Lenkiewicz laboured on Project 17 – Observations on Local Education for five years, producing 150 finished paintings of more than twice as many sitters, including pedagogic radicals, teaching professionals, educational bureaucrats, school governors, and schoolchildren. The accompanying 2-volume publication contained 400 pages of ‘observations’ written by these sitters. The artist was convinced that every local parent would take a passionate interest in the attitudes of the people teaching their children. However, the Project met with apathy from public and press alike: attendance at the exhibition was poor, reviews in the local press rehashed old by-lines about the ‘controversial’ artist, and The Times linked him with the populist Plymouth illustrator, Beryl Cook. The dispirited Lenkiewicz began to question the whole Project approach and wrote in his diary: “Feel a strong leaning towards reclusive hard work for the future only.”

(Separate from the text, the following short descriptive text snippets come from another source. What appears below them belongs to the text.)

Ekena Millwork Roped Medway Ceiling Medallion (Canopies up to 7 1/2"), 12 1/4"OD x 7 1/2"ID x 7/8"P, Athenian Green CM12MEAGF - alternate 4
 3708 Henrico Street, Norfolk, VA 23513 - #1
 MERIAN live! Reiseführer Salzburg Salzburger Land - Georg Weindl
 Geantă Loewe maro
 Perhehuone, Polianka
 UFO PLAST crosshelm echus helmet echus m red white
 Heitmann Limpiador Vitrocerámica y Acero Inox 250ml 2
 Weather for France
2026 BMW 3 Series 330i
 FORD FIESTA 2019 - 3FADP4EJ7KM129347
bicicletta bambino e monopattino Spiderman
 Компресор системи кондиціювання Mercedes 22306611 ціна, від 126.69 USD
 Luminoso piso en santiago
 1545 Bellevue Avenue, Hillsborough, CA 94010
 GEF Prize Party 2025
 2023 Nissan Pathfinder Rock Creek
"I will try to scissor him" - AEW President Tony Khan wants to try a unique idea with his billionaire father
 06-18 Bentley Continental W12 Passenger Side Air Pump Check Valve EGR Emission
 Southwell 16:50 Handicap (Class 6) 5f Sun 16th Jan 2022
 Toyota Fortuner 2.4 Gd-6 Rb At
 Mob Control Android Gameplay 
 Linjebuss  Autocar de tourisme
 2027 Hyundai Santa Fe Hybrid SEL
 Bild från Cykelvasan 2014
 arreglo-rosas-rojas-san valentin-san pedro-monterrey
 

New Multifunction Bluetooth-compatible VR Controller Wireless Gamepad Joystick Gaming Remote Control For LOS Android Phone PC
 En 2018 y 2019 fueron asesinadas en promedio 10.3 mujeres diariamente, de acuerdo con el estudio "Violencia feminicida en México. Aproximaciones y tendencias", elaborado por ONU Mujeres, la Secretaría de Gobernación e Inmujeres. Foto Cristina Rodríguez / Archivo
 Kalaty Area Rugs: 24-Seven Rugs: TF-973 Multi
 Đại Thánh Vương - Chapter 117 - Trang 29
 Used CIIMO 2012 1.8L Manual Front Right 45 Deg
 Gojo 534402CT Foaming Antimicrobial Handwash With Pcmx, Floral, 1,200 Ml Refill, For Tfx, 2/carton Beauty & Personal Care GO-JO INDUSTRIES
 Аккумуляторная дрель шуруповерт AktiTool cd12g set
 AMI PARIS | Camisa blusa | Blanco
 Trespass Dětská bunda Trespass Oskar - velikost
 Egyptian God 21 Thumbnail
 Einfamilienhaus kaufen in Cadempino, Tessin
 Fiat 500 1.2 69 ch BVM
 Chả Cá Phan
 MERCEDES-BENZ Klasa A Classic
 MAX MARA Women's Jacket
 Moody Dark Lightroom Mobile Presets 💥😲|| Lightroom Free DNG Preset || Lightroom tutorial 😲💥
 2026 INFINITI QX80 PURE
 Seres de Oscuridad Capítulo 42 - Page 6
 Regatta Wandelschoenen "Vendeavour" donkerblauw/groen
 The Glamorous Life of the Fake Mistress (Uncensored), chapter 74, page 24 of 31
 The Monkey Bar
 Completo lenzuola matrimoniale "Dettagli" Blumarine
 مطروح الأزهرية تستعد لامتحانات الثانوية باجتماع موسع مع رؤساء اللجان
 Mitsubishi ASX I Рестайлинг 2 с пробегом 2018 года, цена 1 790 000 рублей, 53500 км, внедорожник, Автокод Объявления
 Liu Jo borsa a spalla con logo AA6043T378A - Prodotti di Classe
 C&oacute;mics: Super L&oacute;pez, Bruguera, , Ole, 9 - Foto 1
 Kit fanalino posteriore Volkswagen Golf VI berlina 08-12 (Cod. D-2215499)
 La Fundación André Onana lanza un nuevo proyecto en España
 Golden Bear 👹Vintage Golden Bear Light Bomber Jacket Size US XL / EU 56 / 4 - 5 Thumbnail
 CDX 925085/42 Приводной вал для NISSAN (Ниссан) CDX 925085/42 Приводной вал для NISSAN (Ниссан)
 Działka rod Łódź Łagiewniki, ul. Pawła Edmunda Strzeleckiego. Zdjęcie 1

This is one of the earliest ‘double’ paintings which the artist planned to show in a small-scale exhibition outside his own studio and without a Project designation. Lenkiewicz couldn’t imagine a more important subject for study than the relationship between adult and child, which he also believed lay at the heart of the educational process:

Adults rarely feel that their lives are significant, and many of these adults are parents. The young person’s sensitivity to example is immeasurable. A parent or mentor whose creative life is passionless, dulled and uninspired, will have great difficulty in valuing themselves. To de-value oneself is to de-value others. We do not value another person by feeling superior or inferior to them. That is the straight road to Fascism.

Lenkiewicz had long planned a Project on the theme of ‘the family’ and several of the Education Project pictures featured Karen Ciambriello, heavily pregnant with their daughter Thaïs, who was born in the Spanish canopy bed in the Barbican studio in 1988, together with other family studies.

When model Benedikte missed a late-night sitting for her ‘double’ themed painting, rather than waste “all that work and build-up to tonight’s painting” the artist collected Karen and the infant Thaïs from their home near his studio. His diary notes for that evening reveal him in combative mood, sitting in his library planning a new series of paintings that would take on the negative press responses to the education pictures which pigeonholed his work as ‘shocking’ or prurient:

Did full-size tonal study of the three of us – ‘Double theme’. Rich image – strangest of the three pieces so far. Much thought on enraging Project on the theme of ‘The Painter and Women’.